De Wever, although slightly
boring in rhetorics, is by far the best debater in Belgian politics, and the
undisputed leader of his party. With new talents in its ranks surely coming up,
and an excellent organisation and discipline, the NVA would probably be growing
in any circumstances. But the sudden scores of 30 % and more in Flanders –
scores unseen for the largest party there since at least 30 years – may well be
the result of something far bigger: a general sense of decline or at least
stagnation in Flanders, the northern part of the country where the economy
flourished until the beginning of the century, but has run into trouble ever
since. Like in Wallony fifty years ago, when the coal and steel industry there
started to decline, the first reaction on slowing growth might as well in Flanders
be to seek to blame everybody except yourself. Not for the first time
frustration fuels nationalism.
Xxx
In the summer of 2013 the
government of Mr. di Rupo seemed finally to come out of the trenches. Even Mr.
Olli Rehn, the European commissioner, started to accept that Belgium was on the
right path of budgetary discipline. The constitutional reform had gone through
parliament, bringing new powers and budgets to the regional governments and
ending a 50 year old linguistic dispute in bilingual villages around Brussels.

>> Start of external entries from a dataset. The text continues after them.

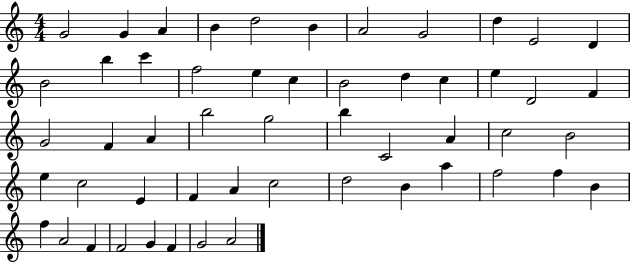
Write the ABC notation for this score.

X:1
T:Untitled
M:4/4
L:1/4
K:C
G2 G A B d2 B A2 G2 d E2 D B2 b c' f2 e c B2 d c e D2 F G2 F A b2 g2 b C2 A c2 B2 e c2 E F A c2 d2 B a f2 f B f A2 F F2 G F G2 A2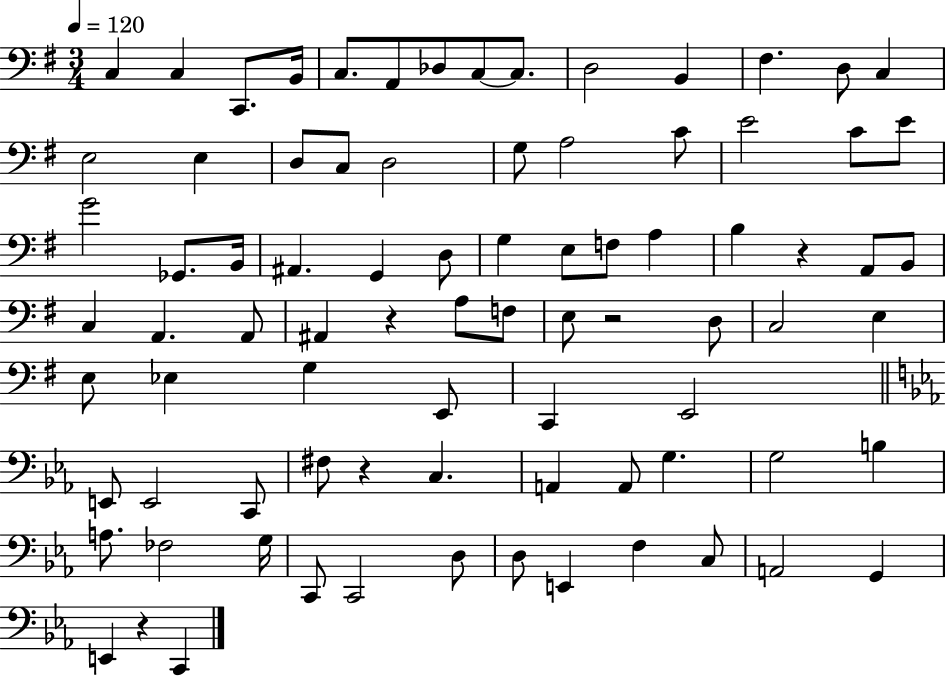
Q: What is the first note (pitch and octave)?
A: C3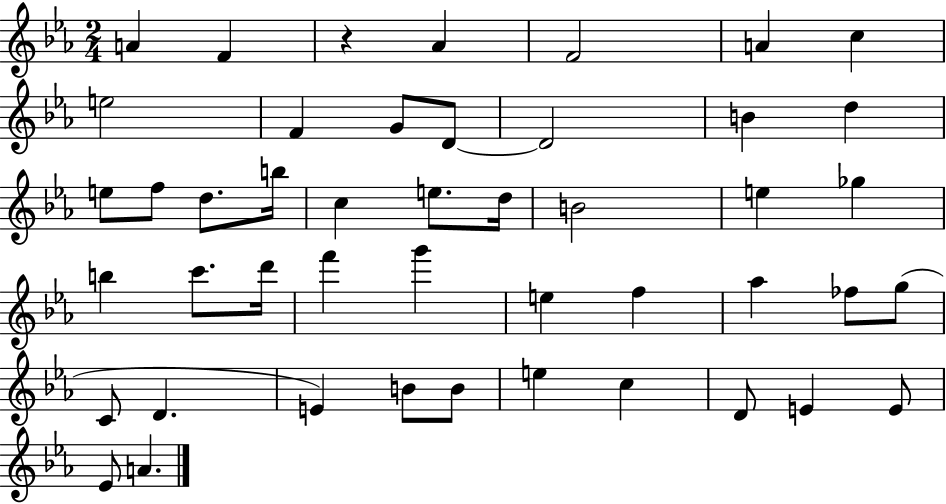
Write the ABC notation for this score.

X:1
T:Untitled
M:2/4
L:1/4
K:Eb
A F z _A F2 A c e2 F G/2 D/2 D2 B d e/2 f/2 d/2 b/4 c e/2 d/4 B2 e _g b c'/2 d'/4 f' g' e f _a _f/2 g/2 C/2 D E B/2 B/2 e c D/2 E E/2 _E/2 A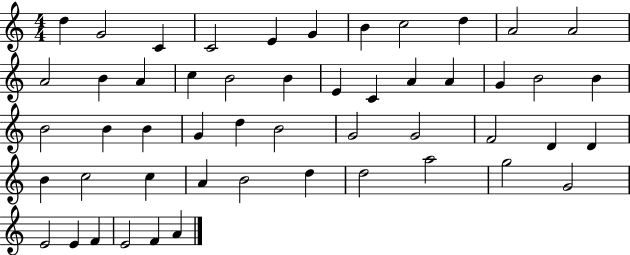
{
  \clef treble
  \numericTimeSignature
  \time 4/4
  \key c \major
  d''4 g'2 c'4 | c'2 e'4 g'4 | b'4 c''2 d''4 | a'2 a'2 | \break a'2 b'4 a'4 | c''4 b'2 b'4 | e'4 c'4 a'4 a'4 | g'4 b'2 b'4 | \break b'2 b'4 b'4 | g'4 d''4 b'2 | g'2 g'2 | f'2 d'4 d'4 | \break b'4 c''2 c''4 | a'4 b'2 d''4 | d''2 a''2 | g''2 g'2 | \break e'2 e'4 f'4 | e'2 f'4 a'4 | \bar "|."
}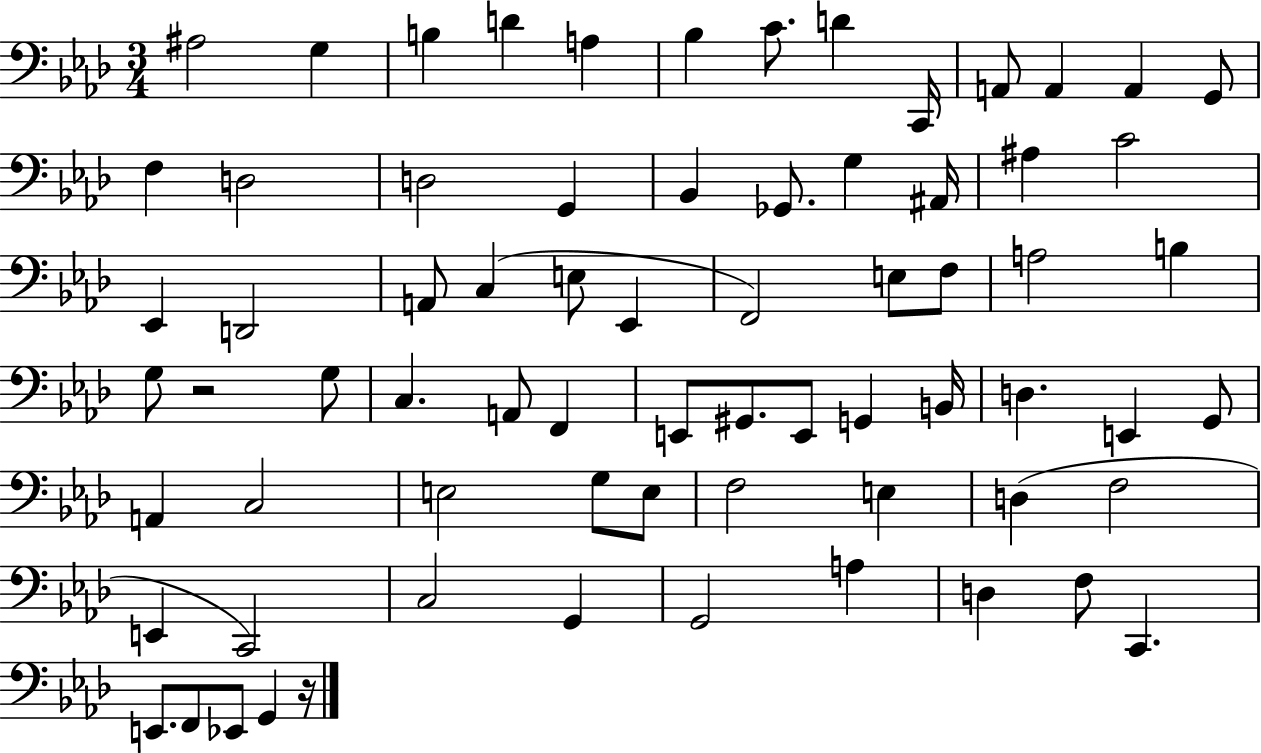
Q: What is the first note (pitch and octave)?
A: A#3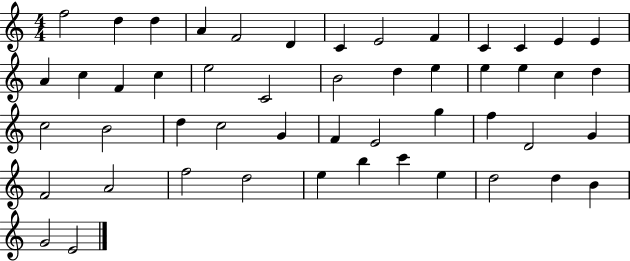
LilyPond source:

{
  \clef treble
  \numericTimeSignature
  \time 4/4
  \key c \major
  f''2 d''4 d''4 | a'4 f'2 d'4 | c'4 e'2 f'4 | c'4 c'4 e'4 e'4 | \break a'4 c''4 f'4 c''4 | e''2 c'2 | b'2 d''4 e''4 | e''4 e''4 c''4 d''4 | \break c''2 b'2 | d''4 c''2 g'4 | f'4 e'2 g''4 | f''4 d'2 g'4 | \break f'2 a'2 | f''2 d''2 | e''4 b''4 c'''4 e''4 | d''2 d''4 b'4 | \break g'2 e'2 | \bar "|."
}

Above all a lot of other overdue reforms were pushed through: the largest
change in the justice structures in the country in almost two centuries, a
common social legislation for labourers and employees (a 20-year old
discussion), a new banking law, a breaking-up of the monopoly of GDF-Suez in
the electricity market, the modernisation of the prison system, restrictions
and better controls in migration policies. So when on the 3th of July 2013 the
79-year old king Albert II announced that he was abdicating in favour of his 53
year old son Philipp, and the whole ceremony – organised in only two weeks - took
place without a single incident on the 21st of July (belga picture), this seemed to crown the
success of the government of Mr. di Rupo.
Here again history could
have been a warning. The biggest reform-government ever in Belgium – a left
wing coalition of Christian democrats and socialists that installed the welfare
state in the early sixties – is still the one with the biggest electoral defeat
ever. Although mr. di Rupo and his ministers succeeded in bringing down the
general crisis feeling of the end of 2011, economic recovery started probably too
late and too slow at the end of 2013 to dissipate the atmosphere of discontent before
the elections. It did not help that this grand coalition of no less than six
parties, that had remarkably long held together in the light of past
experiences, nevertheless started to fall apart when the elections came closer.
Mr. di Rupo enjoyed a
personal success as finally he became popular even in Flanders, regardless of
the fact that he still was not able to speak Dutch fluently. But in the end his
government as a whole is likely to miss what was its main target: the reconquista of Flanders.